All failures are logged as 1 of 4 “fetch failed” cause variants:

{ cause: { errno: -110, code: 'ETIMEDOUT', syscall: 'write' } } (163)
UND_ERR_SOCKET (152)
{ cause: { name: 'ConnectTimeoutError', code: 'UND_ERR_CONNECT_TIMEOUT', message: 'Connect Timeout Error' } } (16)
{ cause: { errno: -32, code: 'EPIPE', syscall: 'write' } } (7)

The UND_ERR_SOCKET causes are of the general form

{
  cause: {
    name: 'SocketError',
    code: 'UND_ERR_SOCKET',
    socket: {
      localAddress: 'NNN.NNN.NN.N',
      localPort: NNNNN,
      remoteAddress: undefined,
      remotePort: undefined,
      remoteFamily: undefined,
      timeout: undefined,
      bytesWritten: 580,
      bytesRead: 1915
    }
  }
}

Sometimes the remote address and remote port is filled out, sometimes not.

Sadly, we cannot pinpoint where the exact errors occur, since our logs do not store the stack trace of cause. Finding out through code inspection did not turn up anything — the usage of processResponse is a bit opaque.

`ETIMEDOUT` and `EPIPE`

All samples of the ETIMEDOUT and EPIPE cause we examined show < 15ms between the FETCHING… log and the ERROR log, and these calls are not registered in the remote API access log. We see the FETCHING… log, but never the RESPONSE_RECEIVED log in these cases (see below).

In all samples we examined, the error occurs in the first call to fetch in the invocation. We assume these calls never left the Lambda environment, and they might occur on the first call to fetch after spawning a Lambda instance.

This makes us believe these cases are bugs in undici, or in the _AWS Lambda x8664 nodejs20.x OS.

`UND_ERR_CONNECT_TIMEOUT` and `UND_ERR_SOCKET`

The UND_ERR_CONNECT_TIMEOUT and UND_ERR_SOCKET do not follow this pattern. Multiple successful calls of the remote API with fetch are successful before the error occurs.

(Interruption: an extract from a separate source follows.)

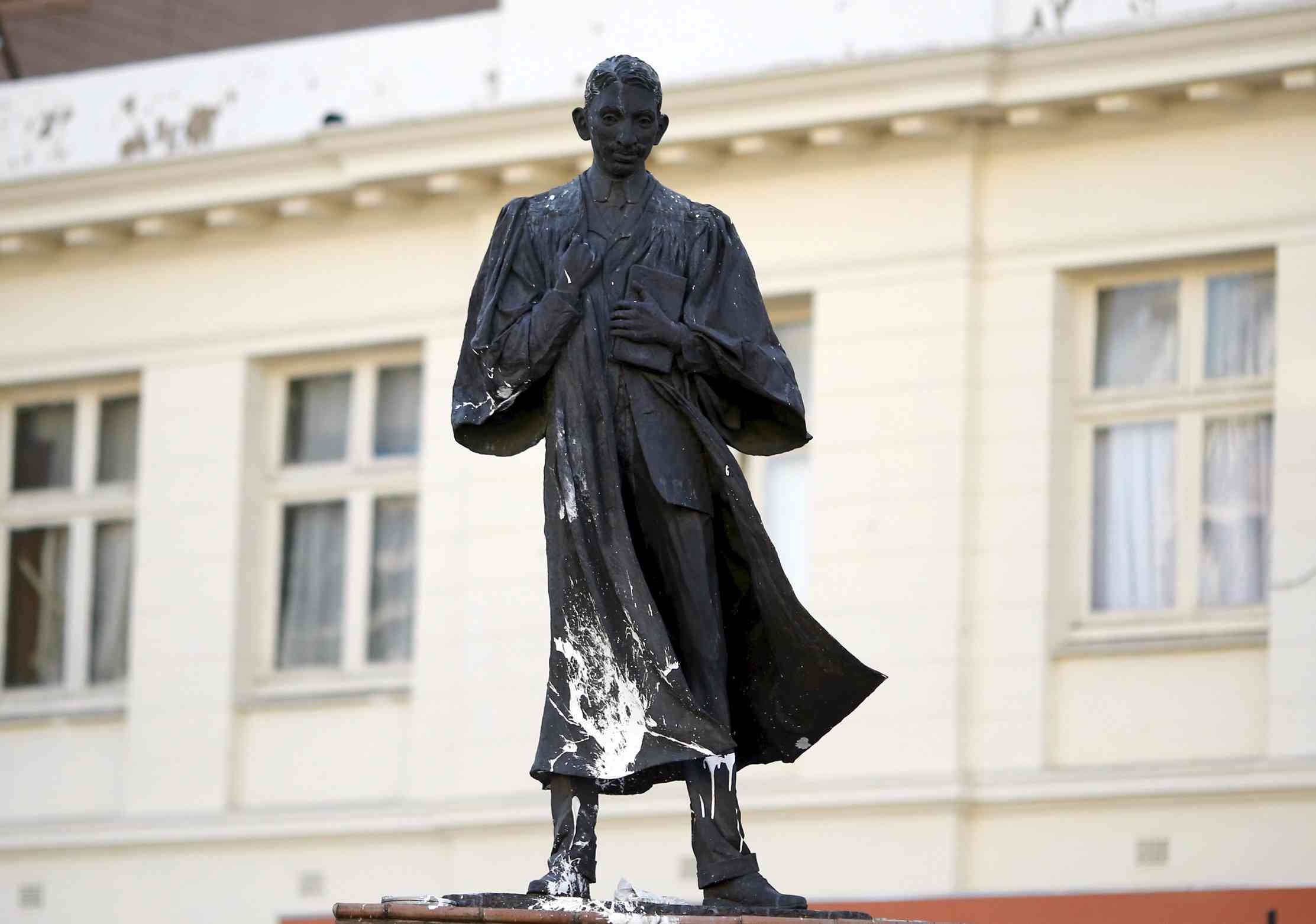 01 Oct- gandhi3.jpg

We assume these calls do go out to the remote API.

Yet, such errors rarely occured when we used this code on _AWS Lambda x8664 nodejs16.x with node-fetch@2.6.7 (1 such error in the last 6 months of 2023).

Code

fetch is used twice in this code base, but all errors spawn from the same use:

  …
  log.info(module, 'get', flowId, 'FETCHING …', { uri })
  const response = await fetch(uri, {
    headers: { accept: 'application/json', authorization }
  })
  log.info(module, 'get', flowId, 'RESPONSE_RECEIVED', { uri, statusCode: response.status })
  …

The log.info code is:

/**
 * @param {NodeModule} callingModule
 * @param {string} functionName
 * @param {UUID} flowId
 * @param {string} phase
 * @param {object} [details]
 */
function info(callingModule, functionName, flowId, phase, details) {
  strictEqual(typeof flowId, 'string')
  try {
    const now = Date.now()
    const message = {
      lambda: staticLambdaData(),
      flowId,
      now,
      level: 'INFO',
      module: callingModule.filename,
      function: functionName,
      phase,
      details: masked(details, [])
    }
    console.log(JSON.stringify(message))
  } catch (ignore) /* istanbul ignore next */ {
    errorLogging(callingModule, functionName, flowId, phase)
  }
}

Note that now in the logged JSON is determined immediately before the call to fetch synchronously.

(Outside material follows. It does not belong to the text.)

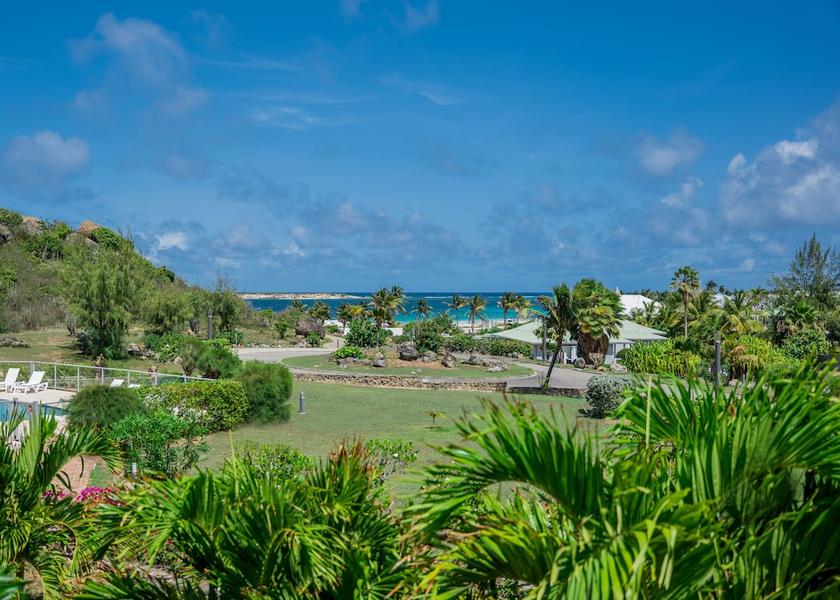  Orient Bay Exterior Detail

The try - catch around the call to fetch is several levels higher in the call stack:

…
} catch (err) {
  …
  log.error(module, 'handler', responseFlowId, err)
  return {
    statusCode: 500,
    …
  }
}

The log.error code is:

/**
 * @param {NodeModule} callingModule
 * @param {string} functionName
 * @param {UUID} flowId
 * @param {*} err
 */
function error(callingModule, functionName, flowId, err) {
  strictEqual(typeof flowId, 'string')
  try {
    const now = Date.now()
    const message = {
      lambda: staticLambdaData(),
      flowId,
      now,
      level: 'ERROR',
      module: callingModule.filename,
      function: functionName,
      message: err && err.message,
      stack: err && err.stack,
      details: util.inspect(masked(err, []), { depth: 9, maxArrayLength: 5 })
    }
    console.log(JSON.stringify(message))
  } catch (ignore) /* istanbul ignore next */ {
    errorLogging(callingModule, functionName, flowId, 'ERROR')
  }
}

Note that now in the logged JSON is determined here.

From the logged now in the FETCHING… log and the logged now in the ERROR log we can determine an upper bound of the duration between our fetch call and the occurrence of the error.

Possibly related issues

ronag commented 7 months ago

Can you try to use the undici package instead of the bundled version? To see if the problem still occurs in newer versions of undici.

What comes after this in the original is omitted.